WORK REQUEST:
Read the data, and whenever a line holds the word "Island", report that line.

Crawled caption data
┌──

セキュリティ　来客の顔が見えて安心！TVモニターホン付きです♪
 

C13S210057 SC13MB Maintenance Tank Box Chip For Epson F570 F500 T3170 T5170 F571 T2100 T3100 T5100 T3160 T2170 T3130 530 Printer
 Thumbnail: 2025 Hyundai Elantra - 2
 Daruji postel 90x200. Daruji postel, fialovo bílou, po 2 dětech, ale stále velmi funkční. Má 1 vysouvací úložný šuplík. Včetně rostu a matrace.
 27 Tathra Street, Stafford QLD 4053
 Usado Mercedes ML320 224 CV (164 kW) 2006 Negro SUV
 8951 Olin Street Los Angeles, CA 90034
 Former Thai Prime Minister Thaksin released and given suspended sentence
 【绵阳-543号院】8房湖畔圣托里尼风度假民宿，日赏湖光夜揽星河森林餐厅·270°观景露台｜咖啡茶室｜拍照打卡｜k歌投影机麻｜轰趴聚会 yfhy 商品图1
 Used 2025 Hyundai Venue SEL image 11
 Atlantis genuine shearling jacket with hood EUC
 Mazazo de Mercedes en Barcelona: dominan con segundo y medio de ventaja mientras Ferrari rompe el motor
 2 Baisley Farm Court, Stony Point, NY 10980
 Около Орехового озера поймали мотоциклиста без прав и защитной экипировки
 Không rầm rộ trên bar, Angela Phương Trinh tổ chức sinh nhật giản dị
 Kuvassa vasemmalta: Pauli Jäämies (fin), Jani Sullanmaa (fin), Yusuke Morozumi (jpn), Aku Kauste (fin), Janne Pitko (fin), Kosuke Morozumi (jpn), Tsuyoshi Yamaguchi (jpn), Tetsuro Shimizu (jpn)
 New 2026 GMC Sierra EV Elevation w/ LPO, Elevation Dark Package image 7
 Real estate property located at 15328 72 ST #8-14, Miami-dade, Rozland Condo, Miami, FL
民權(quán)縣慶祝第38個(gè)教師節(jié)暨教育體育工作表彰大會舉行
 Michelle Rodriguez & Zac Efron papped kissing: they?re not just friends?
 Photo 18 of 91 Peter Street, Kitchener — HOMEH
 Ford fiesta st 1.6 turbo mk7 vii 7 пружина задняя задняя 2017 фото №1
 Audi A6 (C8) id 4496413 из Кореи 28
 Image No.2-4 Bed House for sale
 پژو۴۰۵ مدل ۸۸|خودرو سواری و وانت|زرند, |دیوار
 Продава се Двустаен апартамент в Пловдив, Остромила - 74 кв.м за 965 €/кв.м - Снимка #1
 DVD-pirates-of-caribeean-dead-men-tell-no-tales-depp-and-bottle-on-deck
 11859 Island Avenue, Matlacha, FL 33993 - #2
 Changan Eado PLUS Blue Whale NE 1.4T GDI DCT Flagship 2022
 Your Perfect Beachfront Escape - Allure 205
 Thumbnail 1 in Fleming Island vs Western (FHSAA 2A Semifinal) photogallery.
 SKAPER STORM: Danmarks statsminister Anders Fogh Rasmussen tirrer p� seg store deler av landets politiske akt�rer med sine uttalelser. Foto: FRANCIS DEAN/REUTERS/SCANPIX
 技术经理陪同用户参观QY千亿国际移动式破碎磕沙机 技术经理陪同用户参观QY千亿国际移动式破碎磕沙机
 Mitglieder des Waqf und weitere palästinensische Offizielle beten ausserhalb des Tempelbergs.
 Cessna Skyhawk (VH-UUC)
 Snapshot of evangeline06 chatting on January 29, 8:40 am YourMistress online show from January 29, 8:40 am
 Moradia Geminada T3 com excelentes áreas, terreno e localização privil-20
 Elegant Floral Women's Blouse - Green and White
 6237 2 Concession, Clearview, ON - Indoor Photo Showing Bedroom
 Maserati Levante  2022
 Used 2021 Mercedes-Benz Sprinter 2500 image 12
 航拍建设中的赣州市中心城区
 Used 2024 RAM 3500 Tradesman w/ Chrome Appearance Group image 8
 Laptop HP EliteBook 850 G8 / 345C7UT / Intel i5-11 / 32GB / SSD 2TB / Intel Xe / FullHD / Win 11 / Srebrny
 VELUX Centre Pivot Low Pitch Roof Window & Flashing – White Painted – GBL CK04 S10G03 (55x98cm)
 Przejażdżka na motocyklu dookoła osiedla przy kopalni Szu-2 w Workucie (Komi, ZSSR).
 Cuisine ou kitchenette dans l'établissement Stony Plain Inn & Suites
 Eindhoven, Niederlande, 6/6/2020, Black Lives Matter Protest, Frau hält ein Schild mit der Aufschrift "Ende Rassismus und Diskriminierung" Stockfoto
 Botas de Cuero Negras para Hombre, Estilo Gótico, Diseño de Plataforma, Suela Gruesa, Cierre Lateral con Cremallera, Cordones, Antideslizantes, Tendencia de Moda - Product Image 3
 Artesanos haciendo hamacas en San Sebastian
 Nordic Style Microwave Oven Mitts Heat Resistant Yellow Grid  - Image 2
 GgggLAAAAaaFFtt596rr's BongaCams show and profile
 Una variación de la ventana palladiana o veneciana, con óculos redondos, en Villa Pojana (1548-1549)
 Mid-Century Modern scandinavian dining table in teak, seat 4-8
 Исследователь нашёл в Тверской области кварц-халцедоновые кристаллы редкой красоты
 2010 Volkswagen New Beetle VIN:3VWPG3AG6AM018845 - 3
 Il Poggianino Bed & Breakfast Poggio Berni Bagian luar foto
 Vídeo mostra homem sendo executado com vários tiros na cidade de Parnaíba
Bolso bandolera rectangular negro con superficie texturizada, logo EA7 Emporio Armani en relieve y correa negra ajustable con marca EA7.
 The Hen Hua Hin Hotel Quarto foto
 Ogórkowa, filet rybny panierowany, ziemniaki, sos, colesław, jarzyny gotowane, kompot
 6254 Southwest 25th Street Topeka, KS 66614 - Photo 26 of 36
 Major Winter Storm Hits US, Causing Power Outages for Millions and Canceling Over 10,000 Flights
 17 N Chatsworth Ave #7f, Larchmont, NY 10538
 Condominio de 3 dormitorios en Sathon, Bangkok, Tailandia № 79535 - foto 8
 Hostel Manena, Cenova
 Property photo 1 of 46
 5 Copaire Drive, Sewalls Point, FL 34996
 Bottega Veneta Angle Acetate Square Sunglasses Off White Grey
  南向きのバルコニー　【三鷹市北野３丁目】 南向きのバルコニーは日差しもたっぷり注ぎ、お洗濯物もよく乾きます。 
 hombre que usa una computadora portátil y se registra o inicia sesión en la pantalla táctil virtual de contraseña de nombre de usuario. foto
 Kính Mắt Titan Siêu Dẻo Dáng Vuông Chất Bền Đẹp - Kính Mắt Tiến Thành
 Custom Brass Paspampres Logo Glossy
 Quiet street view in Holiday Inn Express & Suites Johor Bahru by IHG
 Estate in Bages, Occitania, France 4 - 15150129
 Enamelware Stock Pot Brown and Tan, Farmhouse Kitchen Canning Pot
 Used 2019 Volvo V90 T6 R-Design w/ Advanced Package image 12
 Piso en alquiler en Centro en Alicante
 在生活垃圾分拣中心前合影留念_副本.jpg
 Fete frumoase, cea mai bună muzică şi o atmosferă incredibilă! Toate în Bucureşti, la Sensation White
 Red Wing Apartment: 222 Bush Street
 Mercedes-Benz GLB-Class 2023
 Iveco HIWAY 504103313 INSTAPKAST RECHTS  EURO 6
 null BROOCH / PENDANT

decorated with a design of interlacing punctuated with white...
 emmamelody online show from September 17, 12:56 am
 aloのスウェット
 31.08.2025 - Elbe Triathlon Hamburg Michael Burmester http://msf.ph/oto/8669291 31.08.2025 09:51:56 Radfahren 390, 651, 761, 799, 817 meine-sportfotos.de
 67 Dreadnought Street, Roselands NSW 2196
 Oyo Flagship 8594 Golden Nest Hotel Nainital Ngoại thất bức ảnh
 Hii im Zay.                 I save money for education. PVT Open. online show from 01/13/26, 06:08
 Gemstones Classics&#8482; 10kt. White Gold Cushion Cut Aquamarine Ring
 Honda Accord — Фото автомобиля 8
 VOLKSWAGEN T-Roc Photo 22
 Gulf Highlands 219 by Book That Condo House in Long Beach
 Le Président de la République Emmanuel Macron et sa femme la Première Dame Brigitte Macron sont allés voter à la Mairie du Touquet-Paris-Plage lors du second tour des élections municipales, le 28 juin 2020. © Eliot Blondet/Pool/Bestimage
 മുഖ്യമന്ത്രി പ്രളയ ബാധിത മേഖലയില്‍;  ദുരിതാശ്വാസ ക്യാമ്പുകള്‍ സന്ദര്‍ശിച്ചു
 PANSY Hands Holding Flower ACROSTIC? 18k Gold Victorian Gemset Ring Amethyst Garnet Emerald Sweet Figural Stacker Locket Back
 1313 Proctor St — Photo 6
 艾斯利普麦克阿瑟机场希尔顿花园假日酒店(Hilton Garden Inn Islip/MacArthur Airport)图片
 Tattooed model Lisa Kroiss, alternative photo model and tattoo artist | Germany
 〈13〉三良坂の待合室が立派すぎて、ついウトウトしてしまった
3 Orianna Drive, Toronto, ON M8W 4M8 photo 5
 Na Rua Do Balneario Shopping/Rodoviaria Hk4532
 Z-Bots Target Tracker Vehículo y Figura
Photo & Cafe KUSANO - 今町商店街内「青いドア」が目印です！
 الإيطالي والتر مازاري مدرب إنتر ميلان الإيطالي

└──

ANSWER:
 11859 Island Avenue, Matlacha, FL 33993 - #2
 Thumbnail 1 in Fleming Island vs Western (FHSAA 2A Semifinal) photogallery.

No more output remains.